Is ModernBERT already fine-tuned for IR tasks?
Hi there, I was wondering if ModernBERT has already been fine-tuned on IR tasks
Hello!
Yes, about a dozen times. See here a filter with Sentence Transformer models & ModernBERT architecture: https://huggingface.co/models?library=sentence-transformers&other=modernbert
I'm not sure which model is the best (it also depends on your use case), perhaps https://huggingface.co/NohTow/ModernBERT-base-DPR-fullneg-gte-0.0002 ?
But I suspect that none so far have reached the same performance as some of the models reported on MTEB. We'll have to wait a bit longer for that.
- Tom Aarsen
Thank you for the information and the links!
I was also curious about the base versions, “answerdotai/ModernBERT-base” and “answerdotai/ModernBERT-large”—have these models already been fine-tuned for IR tasks, such as using contrastive loss?
It will certainly be interesting to see the progress of ModernBert as folk get the opportunity to leverage the architectural benefits. Just how much of a difference they will make at scale and what opportunities they open up for downstream tasks is yet to be understood.
Hello,
As discussed here, we decided not to chase the MTEB leaderboard (which is a dedicated project in itself) and let the community apply their recipes on ModernBERT to get competitive models.
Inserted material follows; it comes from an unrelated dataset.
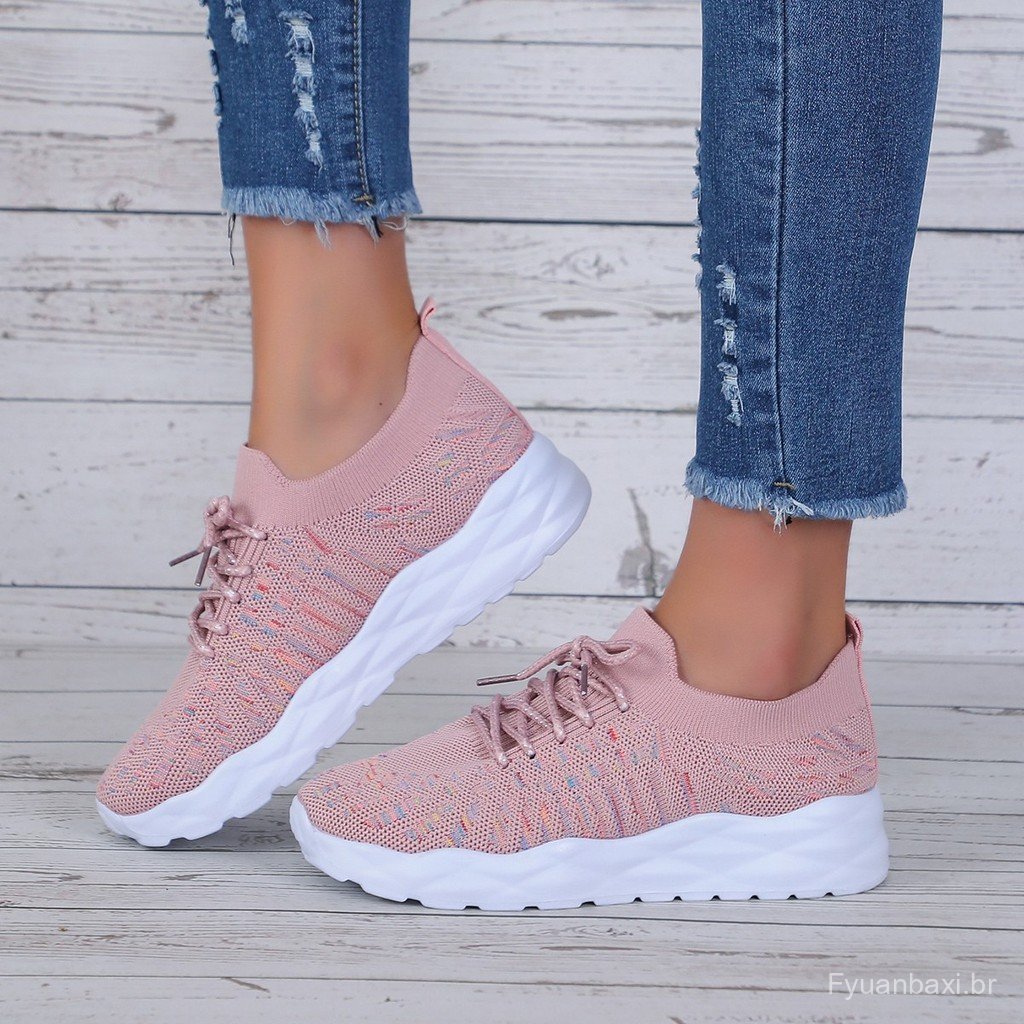 Comércio exterior transfronteiriço 2023 verão novo estilo moda esportes lazer voando malha sapatos femininos de tamanho 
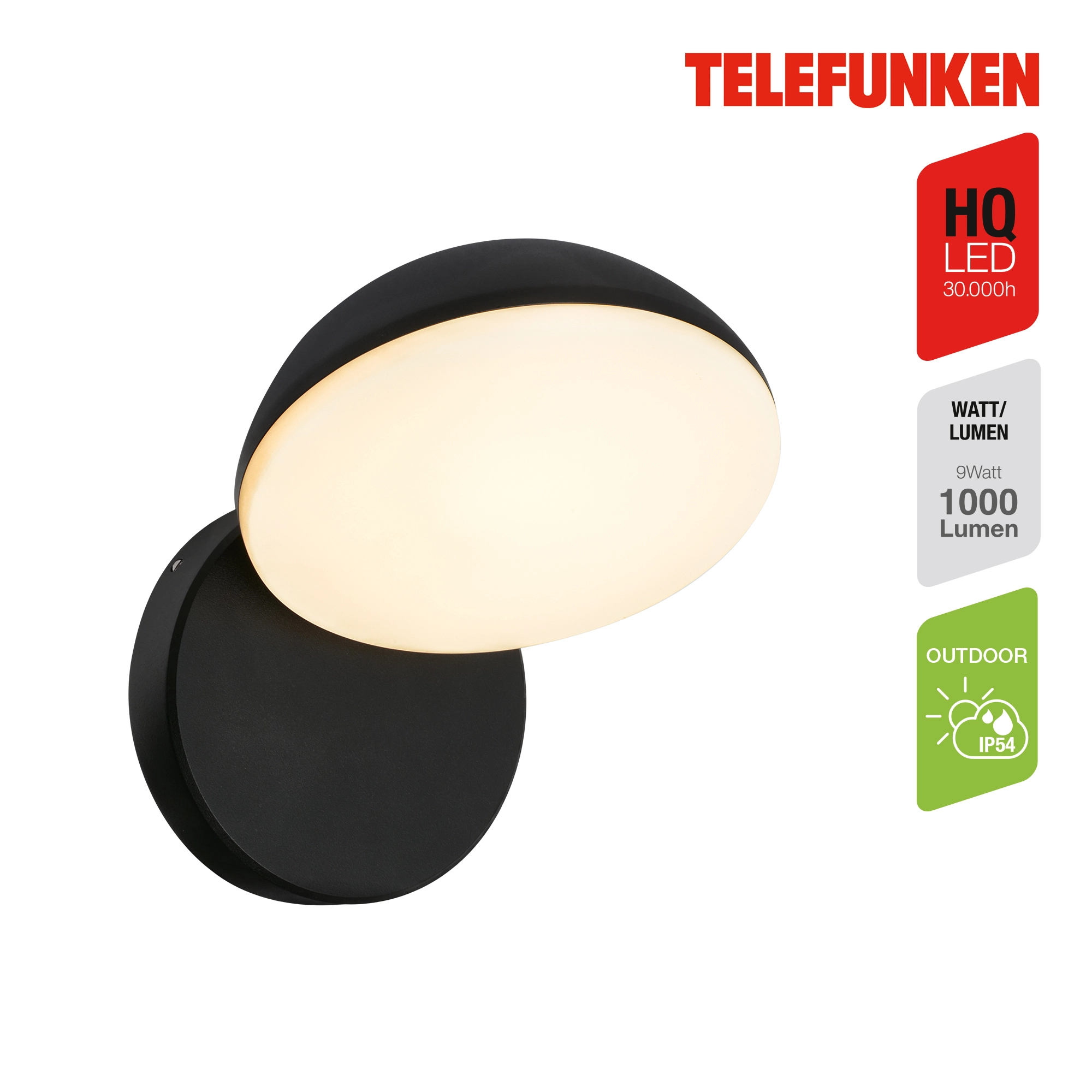 Telefunken LED Wandlampe, Spritzwasser- und Staubschutz, On/Off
That is why we did not release the models we trained for the paper experiments.
As expected, we are starting to see competitive models being built on top of ModernBERT, such as modernbert-embed-base of
@zpn
!
It has been added to MTEB leaderboard and is ranked 56 across all models size, and 7 for model < 250M parameters (it is 149M). This is amazing work done in such a short time window, so I we can only suppose more is yet to come!